Not all heroes wear capes. Some wear personal protective equipment.
Isabelle Molina, a sophomore psychology major in the pre-med track at Indiana University of Pennsylvania, is a warrior in the fight against the COVID-19 pandemic.
Molina, 19, of Lebanon, Pennsylvania, has known that she wanted to be in some kind of health care field since her childhood, and completed study for a medical assistant certification while still in high school.
She knew that she needed to earn money while taking classes at IUP. She applied to several health care sites, including the Indiana MedExpress. They liked her background and offered her a job, and she began work there in October.
She continued to work at the Indiana facility until IUP transitioned to distance education in March and students were asked to leave the residence halls. When she went home, she was offered a job at her hometown MedExpress in Lebanon—which had transitioned to including seeing patients who may be COVID-19 positive.
“At first, I did think about being at a non-COVID-19 center—I knew I could work for another MedExpress near my hometown that wasn’t seeing patients who wanted COVID-19 testing,” Molina said. “But I decided that I wanted to be a part of this and really try to help during this pandemic.”
In the first two weeks after returning home in March, while balancing her IUP classes via distance education, Molina worked almost 80 hours. It was exhausting, but rewarding, she said.
“At first, I worried about what would happen if I got infected with COVID-19. Now, I’ve gotten a bit numb to it. This is our job, we are working 12-hour shifts, this is life now. We have grown very close as a team, and we watch out for one another.
“No one is really afraid now; we’ve gotten used to it after doing it so long,” she said. “I know that I am doing everything I can to protect myself. We follow a very specific protocol. We do temperature checks on each other, we are gowned and masked, we do intake by telephone, and then meet patients in the parking lot with gowns and masks. There are three exam rooms designated for COVID-19-suspected patients, and we have very strict cleaning procedures specifically for those rooms.”
Molina, daughter of Giovanna Molina and a 2019 graduate of Lebanon High School, is a first-generation college student. She initially chose IUP as an option because of its partnerships with several colleges of osteopathic medicine, which is the path she plans to follow in her pursuit of becoming a physician.
“I was accepted to a lot of schools, but when I compared the scholarships, and the fact that IUP has partnerships with doctor of osteopathic medicine programs, IUP was definitely the right fit.”
Most recently, Molina refined her career focus to pediatrician—and more specifically, a pediatric surgeon.
Molina remembers that her mother, who worked in a doctor’s office for more than 15 years, took her to work during “take your daughter to work days,” and even got Molina a set of child-sized scrubs.
“Mom kept a list of what I told her I wanted to be when I was growing up, and pediatrician kept coming to the top of the list. When I took career quizzes in high school, the results always kept coming up health care fields. I thought about pathology and forensic science, but I decided I wanted to work to prevent illness and death.
“I was sick a lot growing up, so doctors and hospitals were part of my world,” she said. “I had great doctors, and I wanted to pay that forward—to be a great doctor for some other kid. My doctor’s office had a wall of photos of children as infants and then as high school graduates. I want to do that—care for children as they grow up. I really like working with children.”

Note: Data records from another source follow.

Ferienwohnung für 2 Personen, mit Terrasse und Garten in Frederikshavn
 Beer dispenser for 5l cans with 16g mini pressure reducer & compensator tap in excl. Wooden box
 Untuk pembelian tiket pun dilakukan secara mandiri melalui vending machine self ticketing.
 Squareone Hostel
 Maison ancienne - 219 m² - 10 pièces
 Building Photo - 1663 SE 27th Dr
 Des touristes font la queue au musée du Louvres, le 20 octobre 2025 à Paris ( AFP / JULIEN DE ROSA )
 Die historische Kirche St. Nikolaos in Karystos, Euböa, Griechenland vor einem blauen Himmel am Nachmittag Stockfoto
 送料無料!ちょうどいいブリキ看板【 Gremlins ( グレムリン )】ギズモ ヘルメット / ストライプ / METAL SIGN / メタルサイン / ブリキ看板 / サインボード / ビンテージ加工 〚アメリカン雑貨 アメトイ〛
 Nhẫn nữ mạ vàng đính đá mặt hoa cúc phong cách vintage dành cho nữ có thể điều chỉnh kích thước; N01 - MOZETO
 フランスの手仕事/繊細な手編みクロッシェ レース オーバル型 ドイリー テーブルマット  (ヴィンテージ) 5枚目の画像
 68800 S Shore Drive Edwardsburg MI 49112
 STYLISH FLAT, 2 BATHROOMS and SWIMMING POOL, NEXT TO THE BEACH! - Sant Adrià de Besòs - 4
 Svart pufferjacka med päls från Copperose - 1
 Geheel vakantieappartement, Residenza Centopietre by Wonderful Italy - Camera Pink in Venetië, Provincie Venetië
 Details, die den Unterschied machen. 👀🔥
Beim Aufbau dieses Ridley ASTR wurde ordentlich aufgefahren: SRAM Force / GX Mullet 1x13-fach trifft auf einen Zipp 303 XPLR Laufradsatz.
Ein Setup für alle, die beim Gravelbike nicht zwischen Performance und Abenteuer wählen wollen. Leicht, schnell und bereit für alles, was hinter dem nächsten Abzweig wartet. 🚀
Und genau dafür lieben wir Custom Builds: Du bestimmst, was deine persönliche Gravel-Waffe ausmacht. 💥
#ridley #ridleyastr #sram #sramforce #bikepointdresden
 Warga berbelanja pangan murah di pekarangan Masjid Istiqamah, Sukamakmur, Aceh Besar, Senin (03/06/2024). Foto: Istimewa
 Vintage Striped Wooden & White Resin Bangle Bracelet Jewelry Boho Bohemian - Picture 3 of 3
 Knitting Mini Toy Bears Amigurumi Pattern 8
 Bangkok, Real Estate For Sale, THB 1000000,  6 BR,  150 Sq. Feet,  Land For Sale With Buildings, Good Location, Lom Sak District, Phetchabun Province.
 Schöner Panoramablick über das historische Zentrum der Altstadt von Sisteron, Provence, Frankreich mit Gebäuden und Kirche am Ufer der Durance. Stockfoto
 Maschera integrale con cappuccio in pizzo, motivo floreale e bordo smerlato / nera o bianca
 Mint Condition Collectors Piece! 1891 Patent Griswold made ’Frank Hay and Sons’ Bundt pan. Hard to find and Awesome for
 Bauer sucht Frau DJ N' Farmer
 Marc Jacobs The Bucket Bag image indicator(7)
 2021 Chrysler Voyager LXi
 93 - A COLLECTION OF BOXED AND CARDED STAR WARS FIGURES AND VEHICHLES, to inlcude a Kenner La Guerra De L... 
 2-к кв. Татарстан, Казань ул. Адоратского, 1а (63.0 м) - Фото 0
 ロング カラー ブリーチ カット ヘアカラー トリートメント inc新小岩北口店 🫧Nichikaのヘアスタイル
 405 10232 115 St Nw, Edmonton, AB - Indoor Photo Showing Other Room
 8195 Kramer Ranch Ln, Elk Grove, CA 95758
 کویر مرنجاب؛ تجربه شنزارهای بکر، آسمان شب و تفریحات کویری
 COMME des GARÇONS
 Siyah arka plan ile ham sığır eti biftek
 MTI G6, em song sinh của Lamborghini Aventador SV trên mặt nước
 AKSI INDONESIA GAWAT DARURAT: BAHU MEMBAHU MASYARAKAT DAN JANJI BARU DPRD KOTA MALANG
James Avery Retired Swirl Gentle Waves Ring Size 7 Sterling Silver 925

She knows that the hours and the work of a pediatric surgeon won’t be easy, but she’s prepared for that.
“I know I wouldn’t be happy with an 8:00 a.m. to 5:00 p.m. job. I know there will be sad times when you can’t save a child; but I’m focusing on the idea of saving the child no one thought would survive, and then seeing them complete milestones like high school graduation, weddings, and then go on to have children of their own.
“Health care is my passion,” she said. “I couldn’t see myself in any other profession.”
Molina credits her IUP faculty with being very accommodating about her work schedule at MedExpress, understanding the importance of the work and how it can help her to achieve her future goals. “My classmates also were great about reaching out, offering notes if I had to miss a class,” she said.
She’ll continue to work at her Lebanon MedExpress throughout the summer and return to the Indiana MedExpress when she’s back on campus in the fall.
“It’s really good experience, and it’s definitely made me know that I’m on the right career path,” she said.
“There are easier jobs, for sure. It’s been hard, but it’s been very rewarding. I know that I’m making a difference.”